'Pioneering' plan for scarred Idaho tract may rock industry

YELLOW PINE, Idaho — Twenty-five miles out, the road turns to gravel and follows a creek to the closest thing to a speck of a town in what might be the most remote place in the Lower 48.

Turning right at the Corner, which offers the last hot meal until Montana, 100 miles of wilderness away, the road reaches the Salmon River and then hugs the edge of the canyon for a heart-pounding 14 miles until it arrives at the Stibnite Mining District.

Stibnite, a mining hotbed since 1899, is where a Canadian company envisions a different future for mining and where environmentalists see the same old calamity.

Midas Gold Corp. plans to build one of the country's biggest open-pit mines on 2,000 acres near the source of the Salmon, known as the "River of No Return" and famed for its fishing, whitewater and solitude, in a region already scarred by decades of mining.

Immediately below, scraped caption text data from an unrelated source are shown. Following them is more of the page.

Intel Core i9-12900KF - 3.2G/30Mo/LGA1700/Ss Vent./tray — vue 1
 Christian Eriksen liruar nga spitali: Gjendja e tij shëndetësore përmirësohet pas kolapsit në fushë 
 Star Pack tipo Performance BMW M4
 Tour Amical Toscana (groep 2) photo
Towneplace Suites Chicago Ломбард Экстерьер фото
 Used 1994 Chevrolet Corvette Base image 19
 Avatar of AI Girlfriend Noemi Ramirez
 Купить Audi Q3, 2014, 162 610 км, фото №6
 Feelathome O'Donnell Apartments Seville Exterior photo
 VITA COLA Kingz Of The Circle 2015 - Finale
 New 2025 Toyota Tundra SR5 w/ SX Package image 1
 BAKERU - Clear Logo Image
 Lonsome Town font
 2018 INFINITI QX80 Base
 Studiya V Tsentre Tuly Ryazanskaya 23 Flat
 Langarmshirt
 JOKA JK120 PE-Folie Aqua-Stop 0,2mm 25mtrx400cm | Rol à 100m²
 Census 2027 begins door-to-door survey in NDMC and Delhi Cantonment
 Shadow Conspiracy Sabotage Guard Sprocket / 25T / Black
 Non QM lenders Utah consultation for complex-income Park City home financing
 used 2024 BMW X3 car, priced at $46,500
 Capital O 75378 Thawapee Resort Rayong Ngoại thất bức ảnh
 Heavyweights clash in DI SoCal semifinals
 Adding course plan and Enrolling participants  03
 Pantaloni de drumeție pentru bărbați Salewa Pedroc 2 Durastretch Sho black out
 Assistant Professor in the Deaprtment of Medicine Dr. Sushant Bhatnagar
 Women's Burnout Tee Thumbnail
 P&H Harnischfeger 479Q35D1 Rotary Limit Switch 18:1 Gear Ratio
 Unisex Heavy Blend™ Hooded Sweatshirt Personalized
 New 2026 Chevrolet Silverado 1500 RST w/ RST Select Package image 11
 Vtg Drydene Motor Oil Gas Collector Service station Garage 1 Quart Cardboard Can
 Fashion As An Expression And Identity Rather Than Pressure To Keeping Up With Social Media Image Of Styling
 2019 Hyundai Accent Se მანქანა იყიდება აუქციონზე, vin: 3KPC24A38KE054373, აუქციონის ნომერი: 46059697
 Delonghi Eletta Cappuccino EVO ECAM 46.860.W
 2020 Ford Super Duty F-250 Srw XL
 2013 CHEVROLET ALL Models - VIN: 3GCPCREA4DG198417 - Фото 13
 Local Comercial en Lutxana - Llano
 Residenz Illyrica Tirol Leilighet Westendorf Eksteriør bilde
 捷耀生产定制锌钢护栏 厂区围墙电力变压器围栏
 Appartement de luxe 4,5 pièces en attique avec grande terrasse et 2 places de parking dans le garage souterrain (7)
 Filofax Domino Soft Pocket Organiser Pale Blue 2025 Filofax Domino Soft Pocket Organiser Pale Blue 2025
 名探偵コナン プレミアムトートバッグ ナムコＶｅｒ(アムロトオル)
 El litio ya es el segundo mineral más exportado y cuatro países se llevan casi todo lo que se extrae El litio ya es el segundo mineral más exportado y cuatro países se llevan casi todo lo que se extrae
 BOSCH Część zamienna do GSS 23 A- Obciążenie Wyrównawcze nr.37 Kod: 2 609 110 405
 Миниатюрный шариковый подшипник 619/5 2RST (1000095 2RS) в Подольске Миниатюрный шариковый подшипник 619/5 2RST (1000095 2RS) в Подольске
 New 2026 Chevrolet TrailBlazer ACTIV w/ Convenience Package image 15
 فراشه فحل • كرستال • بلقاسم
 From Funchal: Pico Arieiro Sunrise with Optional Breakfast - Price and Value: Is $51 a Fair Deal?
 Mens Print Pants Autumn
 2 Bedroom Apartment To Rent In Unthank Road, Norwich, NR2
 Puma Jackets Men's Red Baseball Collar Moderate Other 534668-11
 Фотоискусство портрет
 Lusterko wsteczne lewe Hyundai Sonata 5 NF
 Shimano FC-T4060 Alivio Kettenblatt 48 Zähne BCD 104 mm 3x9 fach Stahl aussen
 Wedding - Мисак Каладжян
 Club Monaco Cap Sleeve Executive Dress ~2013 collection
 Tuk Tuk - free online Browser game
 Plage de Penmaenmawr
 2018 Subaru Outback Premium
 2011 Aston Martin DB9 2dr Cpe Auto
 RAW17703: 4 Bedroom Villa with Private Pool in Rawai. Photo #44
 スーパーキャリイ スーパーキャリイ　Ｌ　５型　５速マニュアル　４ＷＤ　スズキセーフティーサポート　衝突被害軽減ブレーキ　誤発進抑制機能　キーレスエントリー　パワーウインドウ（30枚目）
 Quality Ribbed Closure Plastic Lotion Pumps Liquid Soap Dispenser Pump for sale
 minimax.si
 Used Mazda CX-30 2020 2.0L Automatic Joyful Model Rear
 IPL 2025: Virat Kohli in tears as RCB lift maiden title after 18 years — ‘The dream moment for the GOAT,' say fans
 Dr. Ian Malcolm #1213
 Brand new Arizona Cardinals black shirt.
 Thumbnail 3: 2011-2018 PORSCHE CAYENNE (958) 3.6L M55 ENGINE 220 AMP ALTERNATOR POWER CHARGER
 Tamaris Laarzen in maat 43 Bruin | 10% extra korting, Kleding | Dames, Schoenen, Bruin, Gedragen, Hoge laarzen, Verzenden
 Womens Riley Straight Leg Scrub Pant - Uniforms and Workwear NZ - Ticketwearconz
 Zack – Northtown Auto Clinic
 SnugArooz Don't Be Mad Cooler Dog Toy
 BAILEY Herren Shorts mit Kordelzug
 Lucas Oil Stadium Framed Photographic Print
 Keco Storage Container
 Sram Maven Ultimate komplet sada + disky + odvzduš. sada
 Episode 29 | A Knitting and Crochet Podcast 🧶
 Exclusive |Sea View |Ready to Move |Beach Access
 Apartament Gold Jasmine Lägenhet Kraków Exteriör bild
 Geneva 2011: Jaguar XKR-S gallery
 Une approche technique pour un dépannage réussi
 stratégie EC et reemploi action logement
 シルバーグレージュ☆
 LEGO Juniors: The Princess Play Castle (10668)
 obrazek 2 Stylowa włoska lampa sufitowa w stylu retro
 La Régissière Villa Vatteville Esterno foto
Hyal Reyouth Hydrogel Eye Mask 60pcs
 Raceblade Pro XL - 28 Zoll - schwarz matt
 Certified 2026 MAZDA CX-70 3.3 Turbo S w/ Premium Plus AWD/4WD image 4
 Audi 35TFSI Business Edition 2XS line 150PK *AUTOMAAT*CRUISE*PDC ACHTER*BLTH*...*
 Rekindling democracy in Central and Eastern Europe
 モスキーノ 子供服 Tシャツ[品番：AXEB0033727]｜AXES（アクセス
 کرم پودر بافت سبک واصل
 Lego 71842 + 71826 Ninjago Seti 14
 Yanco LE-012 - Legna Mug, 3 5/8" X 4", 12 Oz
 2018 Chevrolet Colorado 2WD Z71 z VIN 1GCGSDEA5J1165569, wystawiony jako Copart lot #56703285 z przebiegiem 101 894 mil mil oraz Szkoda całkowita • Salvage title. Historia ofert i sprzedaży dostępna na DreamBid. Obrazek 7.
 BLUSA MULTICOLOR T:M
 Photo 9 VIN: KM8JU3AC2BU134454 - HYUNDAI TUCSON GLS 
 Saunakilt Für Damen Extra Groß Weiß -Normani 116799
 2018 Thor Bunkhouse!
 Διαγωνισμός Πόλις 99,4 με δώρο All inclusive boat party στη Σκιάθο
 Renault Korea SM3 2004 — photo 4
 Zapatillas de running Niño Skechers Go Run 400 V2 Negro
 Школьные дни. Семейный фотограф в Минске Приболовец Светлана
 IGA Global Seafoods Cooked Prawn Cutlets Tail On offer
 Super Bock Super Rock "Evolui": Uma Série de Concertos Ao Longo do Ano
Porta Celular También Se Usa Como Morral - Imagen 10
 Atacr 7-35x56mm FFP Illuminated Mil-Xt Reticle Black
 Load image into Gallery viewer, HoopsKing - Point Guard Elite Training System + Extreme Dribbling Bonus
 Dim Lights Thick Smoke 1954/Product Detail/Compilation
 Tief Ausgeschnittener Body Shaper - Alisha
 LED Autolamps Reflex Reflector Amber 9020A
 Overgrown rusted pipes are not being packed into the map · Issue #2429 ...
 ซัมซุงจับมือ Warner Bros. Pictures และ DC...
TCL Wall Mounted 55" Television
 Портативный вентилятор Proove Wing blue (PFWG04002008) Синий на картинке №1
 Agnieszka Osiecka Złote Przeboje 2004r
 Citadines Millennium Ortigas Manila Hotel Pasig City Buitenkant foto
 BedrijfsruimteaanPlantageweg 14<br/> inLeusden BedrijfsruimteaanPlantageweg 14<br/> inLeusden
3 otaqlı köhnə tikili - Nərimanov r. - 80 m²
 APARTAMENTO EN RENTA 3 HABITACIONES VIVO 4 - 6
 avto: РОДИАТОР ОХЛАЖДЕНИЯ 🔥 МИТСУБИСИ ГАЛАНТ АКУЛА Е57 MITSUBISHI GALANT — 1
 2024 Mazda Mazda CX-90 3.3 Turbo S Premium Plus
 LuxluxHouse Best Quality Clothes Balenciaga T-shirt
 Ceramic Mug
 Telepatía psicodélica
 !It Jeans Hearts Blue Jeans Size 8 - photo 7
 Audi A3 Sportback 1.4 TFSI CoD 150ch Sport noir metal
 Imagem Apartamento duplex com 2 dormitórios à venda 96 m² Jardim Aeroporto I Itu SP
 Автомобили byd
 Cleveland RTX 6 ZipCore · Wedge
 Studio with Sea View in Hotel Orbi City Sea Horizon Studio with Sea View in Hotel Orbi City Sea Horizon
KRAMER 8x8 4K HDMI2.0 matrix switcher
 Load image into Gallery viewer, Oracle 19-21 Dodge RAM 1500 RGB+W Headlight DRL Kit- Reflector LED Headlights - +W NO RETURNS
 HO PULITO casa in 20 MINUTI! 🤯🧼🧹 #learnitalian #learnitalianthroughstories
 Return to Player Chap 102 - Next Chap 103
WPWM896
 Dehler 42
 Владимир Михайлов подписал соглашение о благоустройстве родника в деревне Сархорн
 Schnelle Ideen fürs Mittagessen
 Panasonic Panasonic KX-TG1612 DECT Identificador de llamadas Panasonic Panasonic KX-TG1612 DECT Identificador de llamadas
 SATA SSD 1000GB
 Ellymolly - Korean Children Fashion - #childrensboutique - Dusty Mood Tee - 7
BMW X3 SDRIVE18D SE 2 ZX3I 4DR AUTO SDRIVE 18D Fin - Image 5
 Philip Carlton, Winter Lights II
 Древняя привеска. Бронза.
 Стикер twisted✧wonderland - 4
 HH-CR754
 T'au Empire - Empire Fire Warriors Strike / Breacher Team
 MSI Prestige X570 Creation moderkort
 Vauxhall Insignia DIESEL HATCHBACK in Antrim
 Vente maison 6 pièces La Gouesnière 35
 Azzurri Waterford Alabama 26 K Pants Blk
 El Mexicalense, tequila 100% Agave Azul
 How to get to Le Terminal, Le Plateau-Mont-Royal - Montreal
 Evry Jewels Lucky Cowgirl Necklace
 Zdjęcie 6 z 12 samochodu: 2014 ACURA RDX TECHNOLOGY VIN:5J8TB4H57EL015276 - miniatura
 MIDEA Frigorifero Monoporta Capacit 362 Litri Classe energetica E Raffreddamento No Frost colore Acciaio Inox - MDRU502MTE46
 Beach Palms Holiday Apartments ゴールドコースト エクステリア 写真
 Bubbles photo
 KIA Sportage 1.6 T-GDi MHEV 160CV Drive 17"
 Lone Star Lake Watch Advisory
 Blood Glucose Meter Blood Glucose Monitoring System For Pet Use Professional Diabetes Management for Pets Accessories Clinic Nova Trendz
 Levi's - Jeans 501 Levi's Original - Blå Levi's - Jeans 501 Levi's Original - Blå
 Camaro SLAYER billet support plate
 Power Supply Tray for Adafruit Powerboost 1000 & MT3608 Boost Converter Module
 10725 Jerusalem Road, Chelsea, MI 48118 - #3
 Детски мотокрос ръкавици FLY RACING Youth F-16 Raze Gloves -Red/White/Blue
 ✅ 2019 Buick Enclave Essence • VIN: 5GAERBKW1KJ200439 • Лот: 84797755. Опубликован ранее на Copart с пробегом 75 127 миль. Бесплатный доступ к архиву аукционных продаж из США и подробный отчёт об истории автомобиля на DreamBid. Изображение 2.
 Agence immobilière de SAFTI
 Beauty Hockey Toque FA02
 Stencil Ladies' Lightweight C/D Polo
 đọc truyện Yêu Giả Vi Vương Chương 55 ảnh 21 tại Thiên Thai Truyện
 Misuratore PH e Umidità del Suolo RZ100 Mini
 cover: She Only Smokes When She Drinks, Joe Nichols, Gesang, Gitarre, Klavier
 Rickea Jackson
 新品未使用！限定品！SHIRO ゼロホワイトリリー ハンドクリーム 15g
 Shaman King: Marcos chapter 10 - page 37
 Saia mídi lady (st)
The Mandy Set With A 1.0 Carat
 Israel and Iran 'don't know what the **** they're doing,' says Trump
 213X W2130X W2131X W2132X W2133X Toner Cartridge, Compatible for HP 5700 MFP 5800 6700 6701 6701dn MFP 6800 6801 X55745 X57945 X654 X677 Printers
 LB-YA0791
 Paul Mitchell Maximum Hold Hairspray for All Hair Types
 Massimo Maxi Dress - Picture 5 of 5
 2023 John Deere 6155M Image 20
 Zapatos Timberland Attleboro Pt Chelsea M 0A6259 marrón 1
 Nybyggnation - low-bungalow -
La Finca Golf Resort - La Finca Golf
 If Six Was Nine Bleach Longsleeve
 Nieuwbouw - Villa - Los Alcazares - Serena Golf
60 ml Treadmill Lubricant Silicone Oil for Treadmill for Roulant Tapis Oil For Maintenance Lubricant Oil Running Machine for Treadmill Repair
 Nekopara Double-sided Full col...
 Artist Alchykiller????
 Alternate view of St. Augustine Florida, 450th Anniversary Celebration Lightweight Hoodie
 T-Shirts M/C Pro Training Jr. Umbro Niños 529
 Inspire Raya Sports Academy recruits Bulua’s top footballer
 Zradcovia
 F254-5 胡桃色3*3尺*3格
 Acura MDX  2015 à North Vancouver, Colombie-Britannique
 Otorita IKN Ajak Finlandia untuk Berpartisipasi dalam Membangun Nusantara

Ninety percent of the mineral antimony that hardened Allied bullets during World War II came from the mine that gave birth to Stibnite, a once-bustling company town that had a bowling alley and ski hill. But peacetime created a ghost town and left a lake called the "Glory Hole" filling the old mining pit that had already exterminated salmon upstream.

A carousel of gold-mining companies came next, disfiguring swaths of forest and generating toxic waste. In 1996, the last miners skipped town, leaving taxpayers with a massive cleanup bill.

"Mining does not have a great reputation," said Laurel Sayer, CEO of Midas' Idaho subsidiary.

Mining companies routinely promise environmental responsibility, but Midas has made confronting the industry's notorious past part of its omnipresent sales pitch here: "Restore the Site."

"Mining broke Stibnite, and mining should be the ones who pay and fix it," said Midas Community Education Manager Hayley Couture.

With "Restore Stibnite" stitched on her hat, the 26-year-old geologist is part of the company's earnest, all-out blitz to convince Valley County that mining can heal, not just hire.

"It is a great public relations theme," Sayer conceded, "but we really believe it."

And the rest of the industry is watching closely.

"This pioneering approach will definitely inspire others to consider whether it is feasible at other mining operations," said Katie Sweeney, the National Mining Association's general counsel.